DATA →
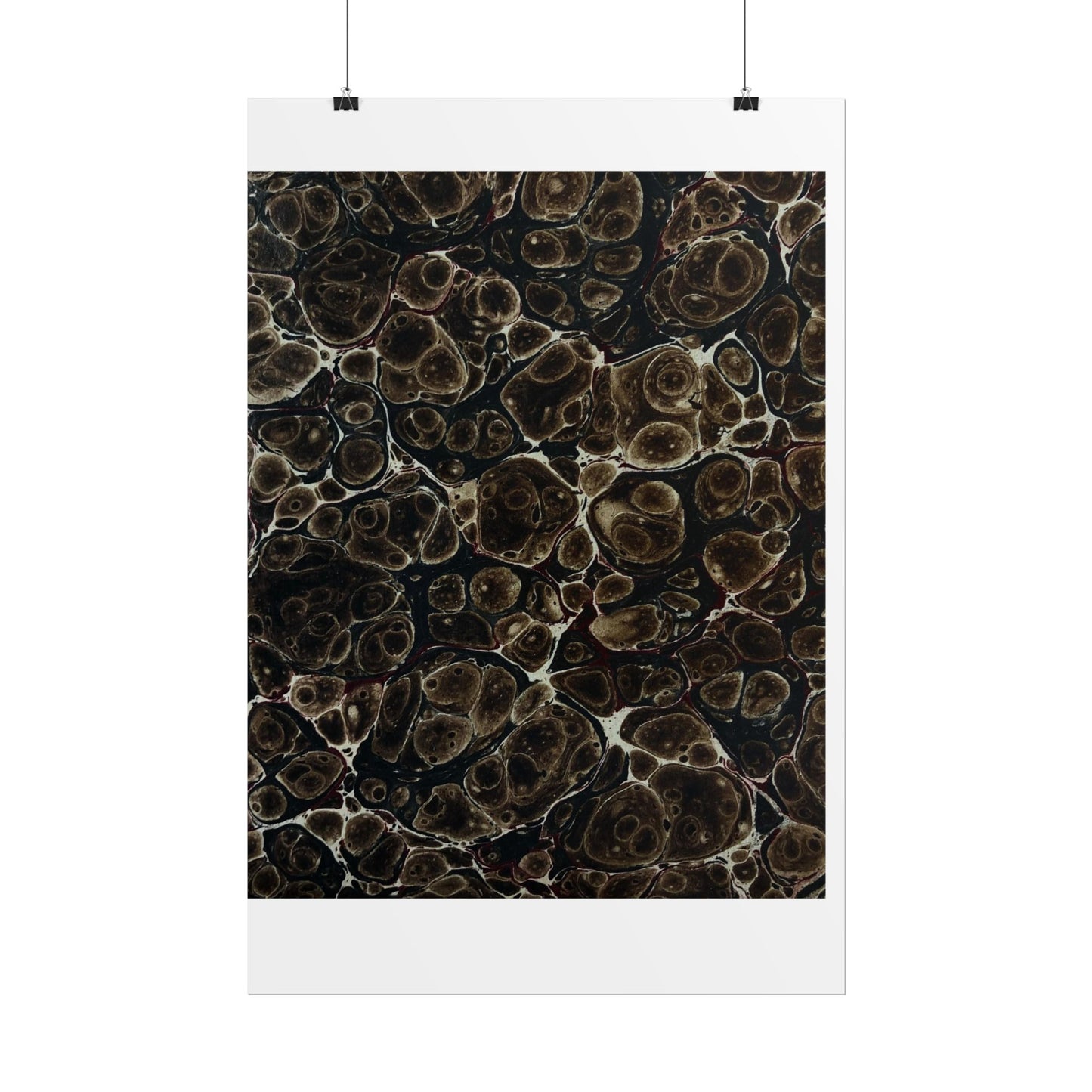 Daze Rolled Poster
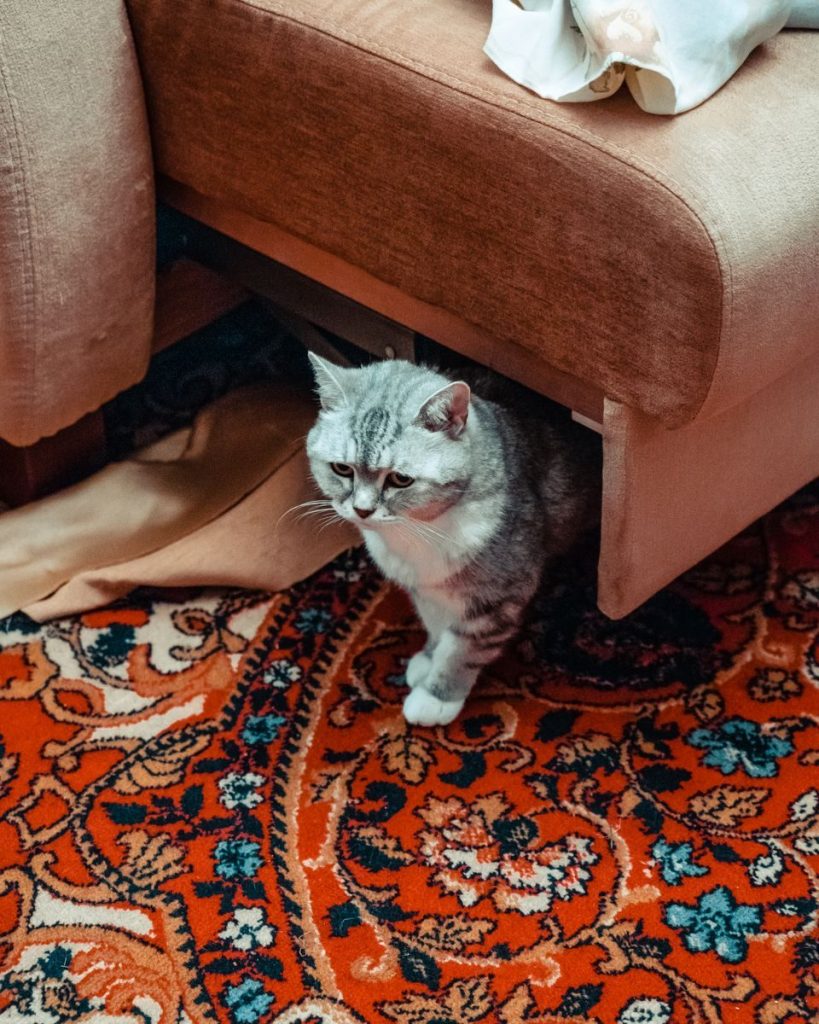 Cute Scottish Straight cat peeking from under a sofa on a patterned carpet.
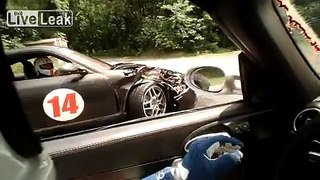 Deer Pulverized by Porsche at Speed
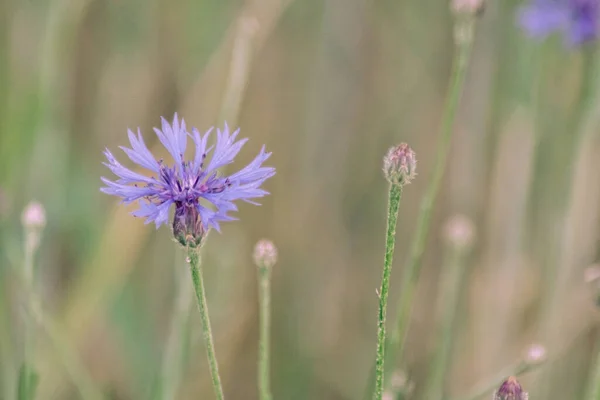 Close Purple Flowering Plant Field — Foto de Stock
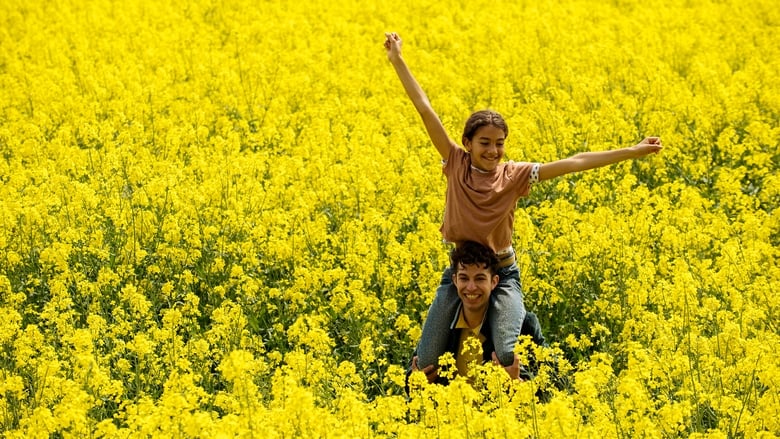 Regarder Les enfants du Platzspitz complet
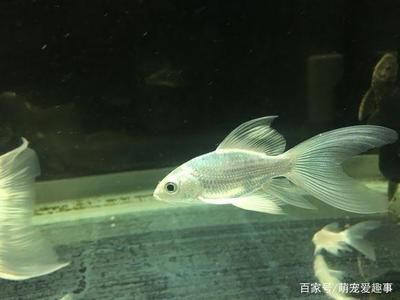 蝴蝶鯉適合用什么魚(yú)缸（蝴蝶鯉的飼養(yǎng)技巧）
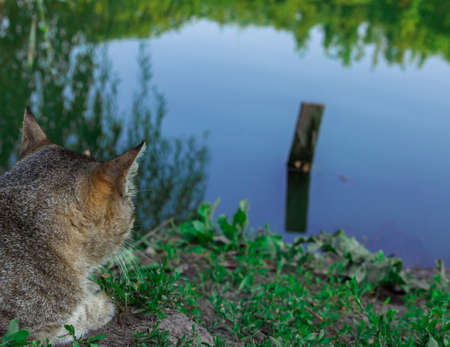 Cat waiting for fishの写真素材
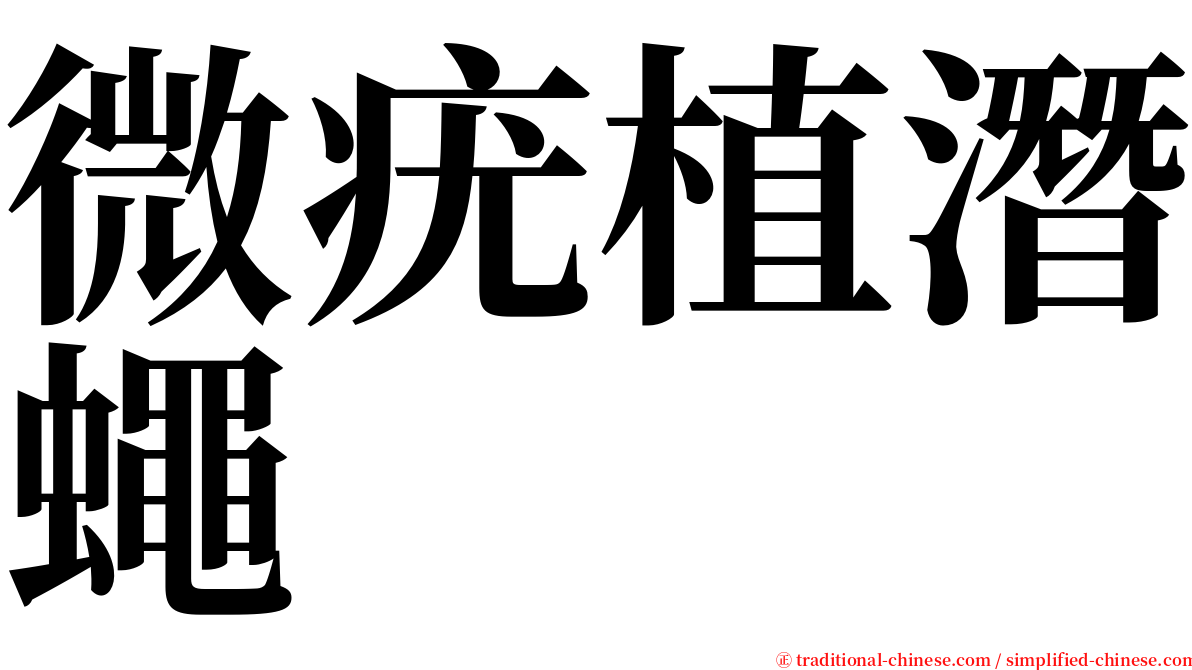 微疣植潛蠅 serif font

EXERCISE AIM → The lines needed are those from the one containing "Regarder Les enfants du Platzspitz complet" through the end of the listing, given again word for word and without any picture.

ANSWER SECTION →
 Regarder Les enfants du Platzspitz complet
 蝴蝶鯉適合用什么魚(yú)缸（蝴蝶鯉的飼養(yǎng)技巧）
 Cat waiting for fishの写真素材
 微疣植潛蠅 serif font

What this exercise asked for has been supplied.